[Stored data]

━━━━━━━━━━━━━━━━

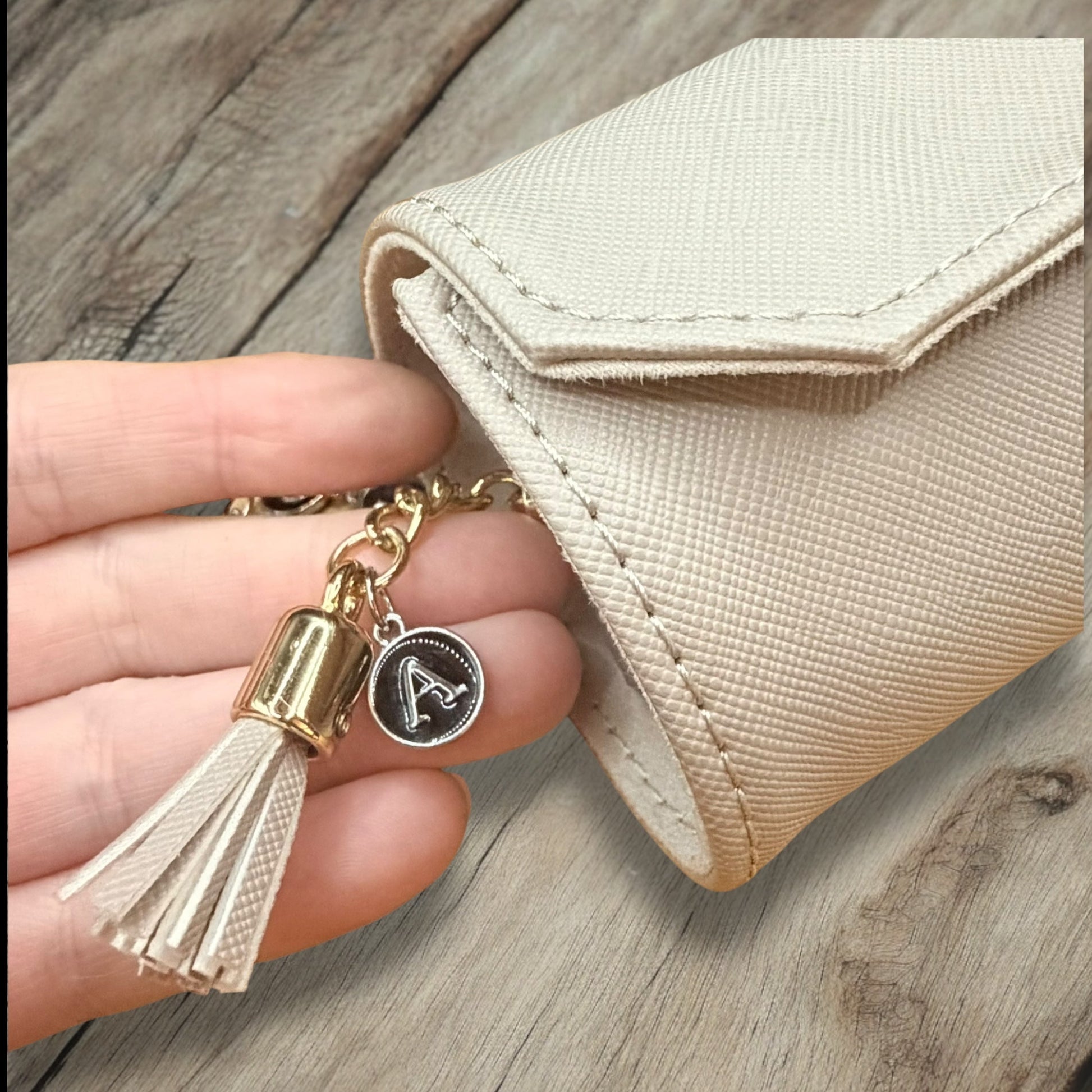 Travel Jewellery Case - Ultimate Organizer for Your Precious Accessories - Shopthatapp.ca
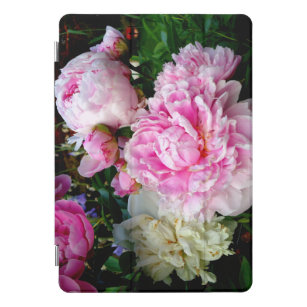 Elegantes Foto aus rosa, blühenden Pinien iPad Pro Cover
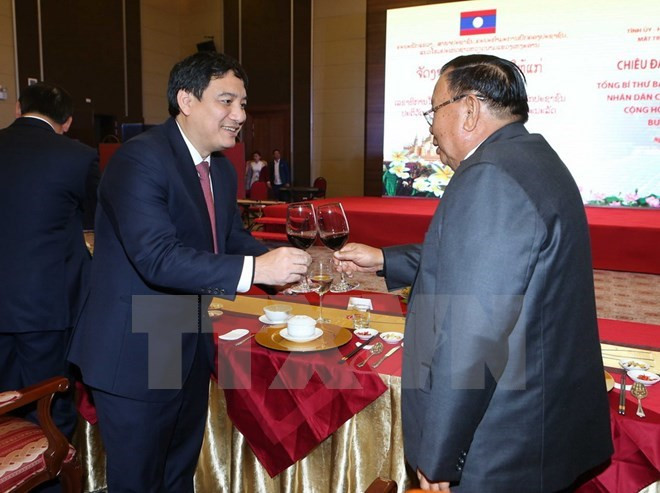 Máximo dirigente de Laos visita provincia vietnamita de Nghe An ảnh 1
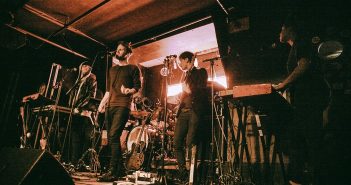 AVI ON FIRE kondigt debuutalbum aan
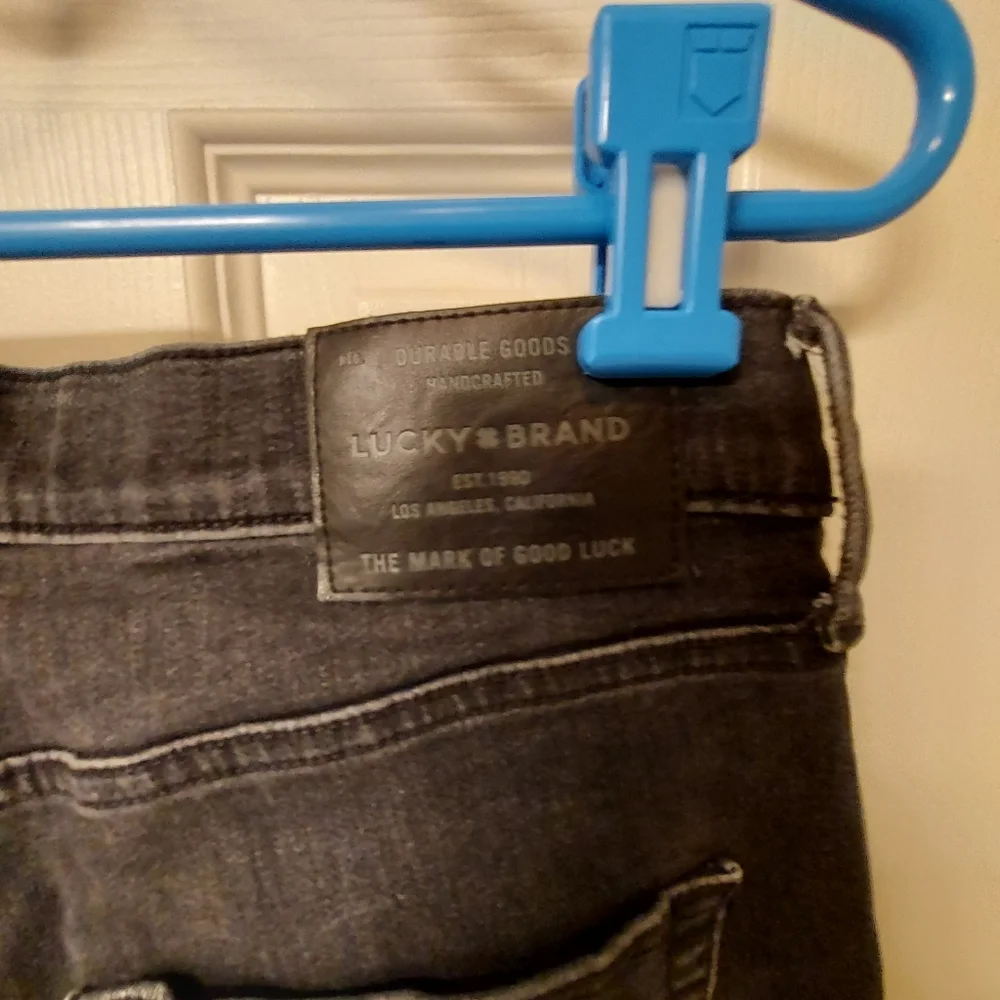 Lucky 410 athletic slim jeans 30x32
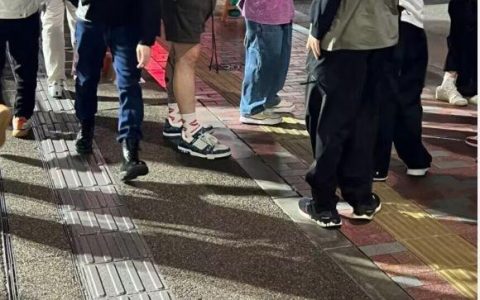 秦奋现身东京街头被偶遇，身材消瘦穿搭时尚，近照酷似郭敬明(秦奋有多大)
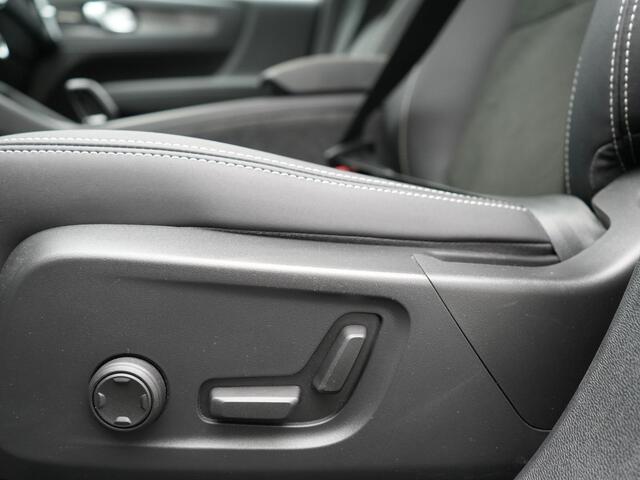 Volvo XC40 T5 Ultimate Dark PHEV 262pk Dealer O.H. | Trekhaak Af Fabriek | Panodak | Camera | Harman / Kardon | Alcantara Sportstoelen Memory & Verwarmd | Apple Carplay | Navigatie | Stuur Verwarmd | Keyless | DAB | Virtual | 19"L.M |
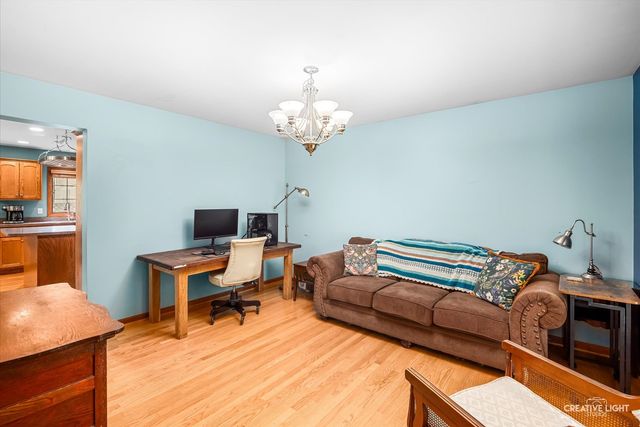 3S665 Virginia Avenue, Warrenville, IL 60555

━━━━━━━━━━━━━━━━

[Instructions to follow]
Set down exactly the lines running from the beginning of the entries above to the line that contains "秦奋现身东京街头被偶遇，身材消瘦穿搭时尚，近照酷似郭敬明(秦奋有多大)", including both, and leave out pictures.

[Solution to this problem]
 Travel Jewellery Case - Ultimate Organizer for Your Precious Accessories - Shopthatapp.ca
 Elegantes Foto aus rosa, blühenden Pinien iPad Pro Cover
 Máximo dirigente de Laos visita provincia vietnamita de Nghe An ảnh 1
 AVI ON FIRE kondigt debuutalbum aan
 Lucky 410 athletic slim jeans 30x32
 秦奋现身东京街头被偶遇，身材消瘦穿搭时尚，近照酷似郭敬明(秦奋有多大)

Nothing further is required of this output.